In this city where nature is powerful and unpredictable, where the deep sea meets an active volcano, every era has shaped how Neapolitans relate to the invisible.
- From the Greeks
Naples was founded as a Greek colony: Neapolis, “new city.” The Greeks brought with them the concept of the Moirai, the goddesses who spun the thread of human destiny. Belief in omens, celestial signs, and propitiatory rituals was common: the flight of birds, animal behavior, even dreams were interpreted as messages of fate.
This sensitivity to the “unsaid” became part of the Neapolitan way of feeling the world.
- From the Romans
The Romans enriched this worldview with amulets, talismans, and domestic shrines. Every home had its own lararium, a small altar with protective family deities. Customs emerged such as using iron to ward off evil spirits and attributing powers to phallic symbols to fend off envy and ensure prosperity.
Many of today’s superstitious gestures—touching iron, keeping protective objects in the home—trace back to this era.
- From the Middle Ages
With the Middle Ages, Christianity fused with earlier beliefs, creating a magical-religious syncretism. Prayers against the evil eye, “spells,” and rituals invoking saints became widespread.
Saints became both personal and civic protectors, intermediaries between the human and the divine. Many places of worship sprang up near caves, springs, or sacred trees, continuing the nature cult in a Christian key.
- From cultures of the Global South
Naples is a port city, a place of arrivals and departures. Over the centuries, it absorbed influences from the Eastern Mediterranean, North Africa, and the Near East. From these cultures, it inherited the ability to blend religiosity with everyday life, belief in the power of objects and words, and protection through spoken formulas and amulets.
Superstition is never rigid here: it is fluid, creative, hybrid.
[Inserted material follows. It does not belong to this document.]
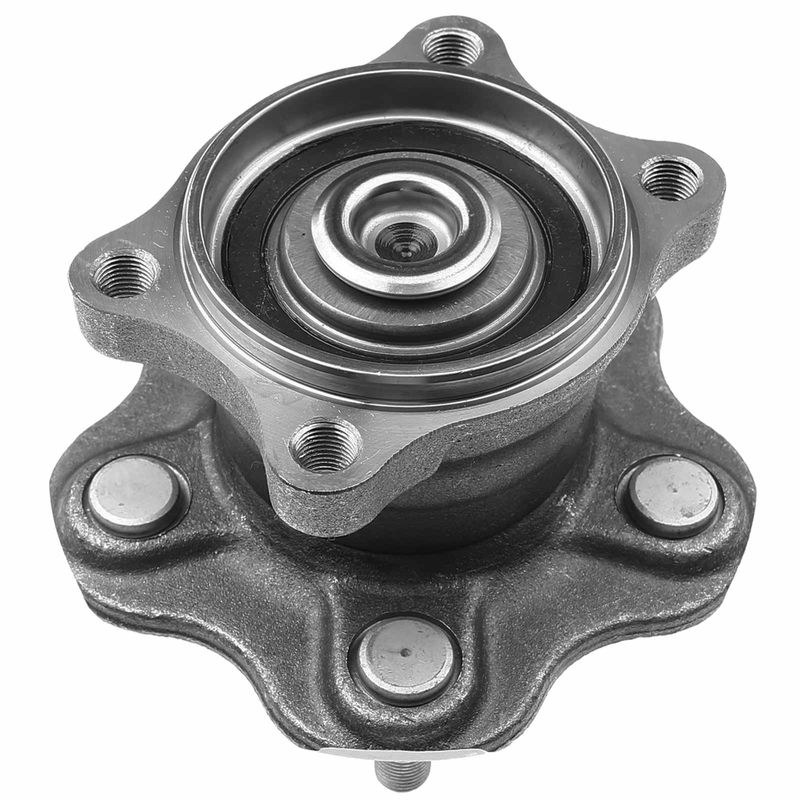Rear Driver or Passenger Wheel Bearing & Hub Assembly for Nissan Altima 02-06 Maxima Quest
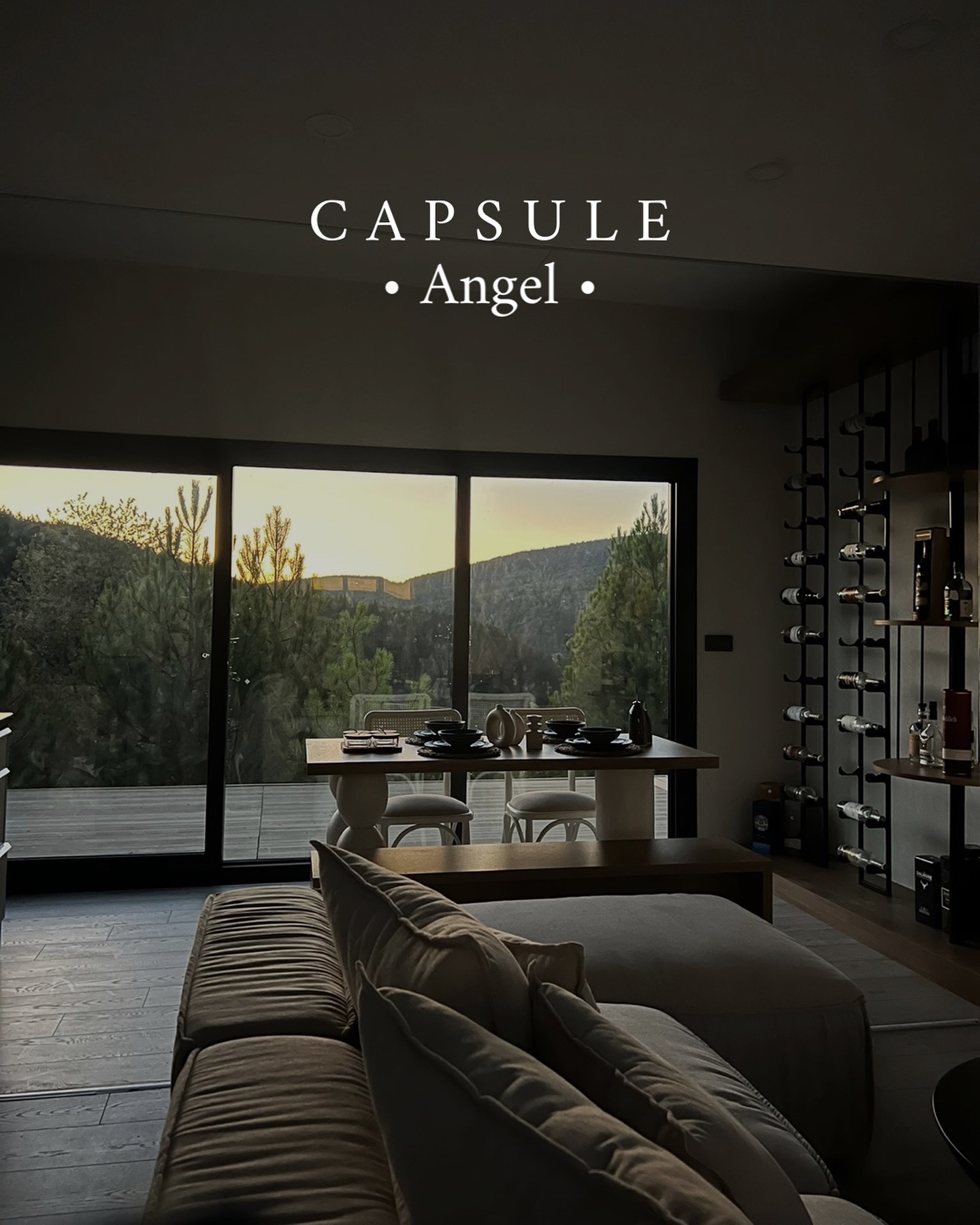 Capsule - Doğa dostu eviniz ihtiyacınız olan enerjiyi size sunacak ...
It evolves with the city that hosts it.
In this crossroads of civilizations, superstition is a form of emotional and cultural resilience. It’s an affective and symbolic response to the unpredictability of life, a way of recognizing, interpreting, and transforming fear into narrative, doubt into ritual, and instability into collective participation.
The need for protection and control
Neapolitan superstition also arises from a human and social need for control: in a context of poverty, political instability, and unpredictable natural events, seeking signs and protections was a way to feel less alone, less vulnerable.
The malocchio (evil eye) explained pain with no clear cause. The red horn served as a shield against envy. Opening an umbrella indoors was a symbolic gesture that risked inviting mourning. Everything had meaning, everything gave warning.
Gestures, words, symbols
Neapolitan superstition is also physical and theatrical: it manifests in gestures (the horns, touching iron), objects (the curniciello, horseshoe, apotropaic hand), and whispered expressions (“facimmece ’a croce”, “sperammo bbene”).
It’s a form of emotional, collective communication passed down from voice to voice, from grandmother to grandchild.
Superstition and creativity
Naples has turned superstition into art: in Totò’s comic sketches, in proverbs, in songs, in nativity figures that mix saints and politicians, Pulcinella and cardinals, horns and bottles of limoncello. It’s a theater of life where nothing is ever just what it seems.
A living heritage
Today, Neapolitan superstition has not disappeared—it has evolved. It lives alongside technology, social media, and modern rhythms. And it remains part of the city’s identity: a shared code that unites, entertains, protects.
Naples is superstitious because it is sensitive
- Because it has learned to read the world even in its invisible details
- Because here, fear is warded off with a joke and a charm
- Because belief is also a way to love, to remain human
- Because every object, every story, every gesture can become a symbolic caress against misfortune
Superstition in Naples is no fairy tale.
In a city so exposed to nature—between the sea and Mount Vesuvius—and so culturally layered, superstition has become a language for surviving, interpreting, and protecting oneself.